RECORDS TO PROCESS ::
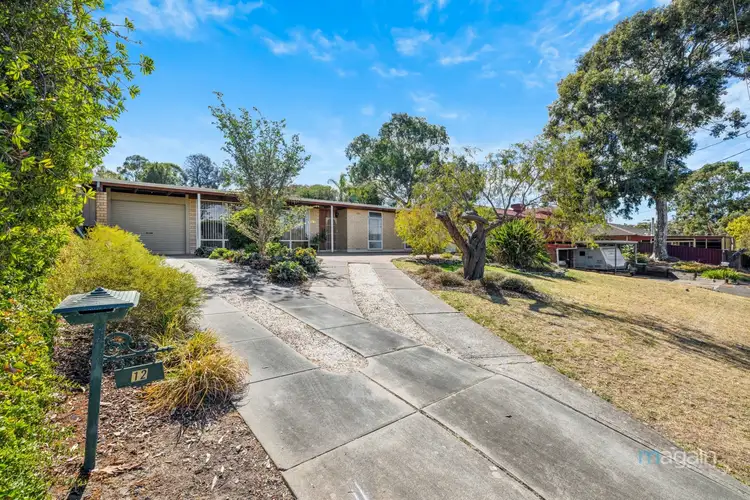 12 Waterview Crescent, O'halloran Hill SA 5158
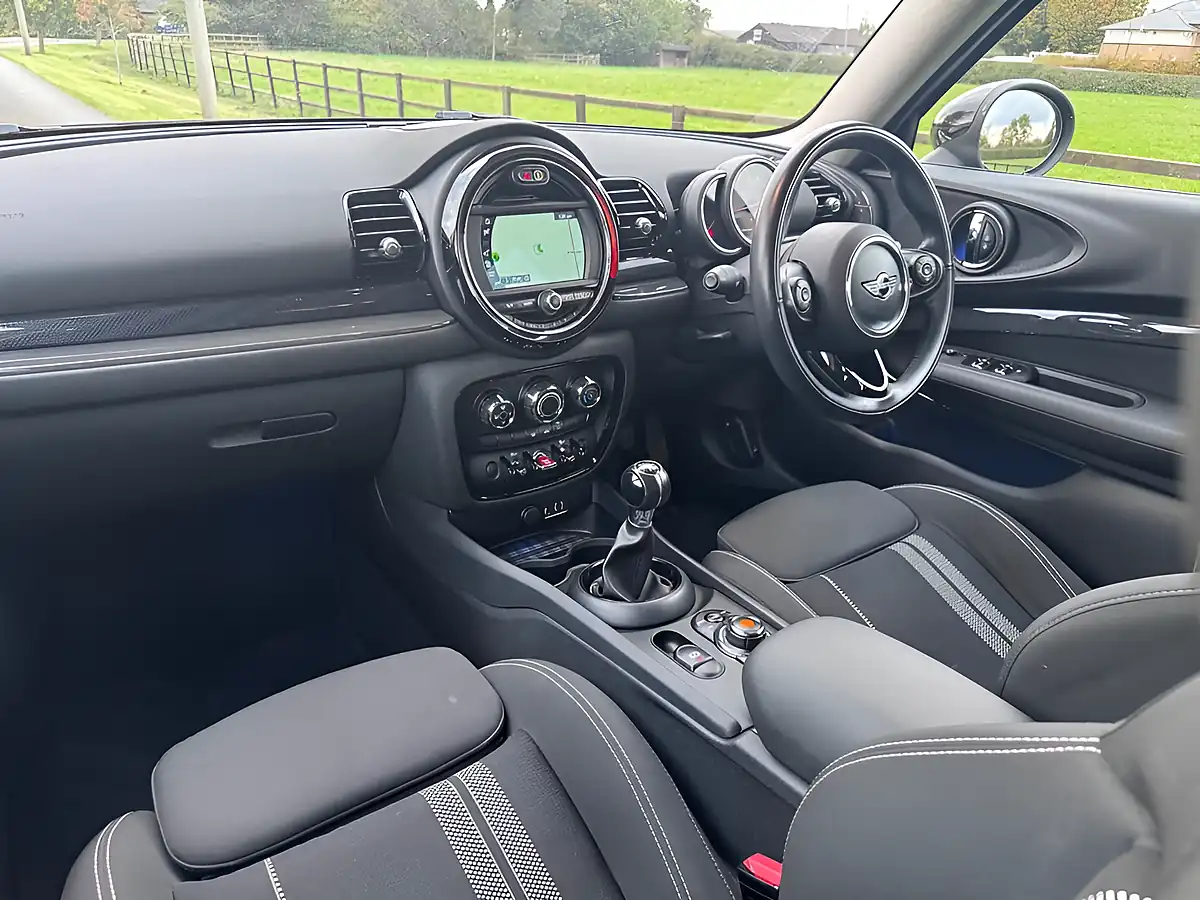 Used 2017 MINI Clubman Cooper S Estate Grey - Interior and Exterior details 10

...

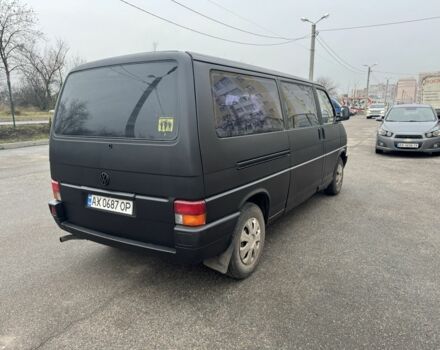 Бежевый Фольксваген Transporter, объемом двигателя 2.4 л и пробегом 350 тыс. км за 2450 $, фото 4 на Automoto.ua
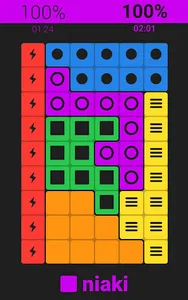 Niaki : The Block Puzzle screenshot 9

WHAT TO DO :: Starting at the line containing "12 Waterview Crescent, O'halloran" and finishing at the line containing "Used 2017 MINI", return those lines exactly as they appear above, without the pictures.

ANSWER ::
 12 Waterview Crescent, O'halloran Hill SA 5158
 Used 2017 MINI Clubman Cooper S Estate Grey - Interior and Exterior details 10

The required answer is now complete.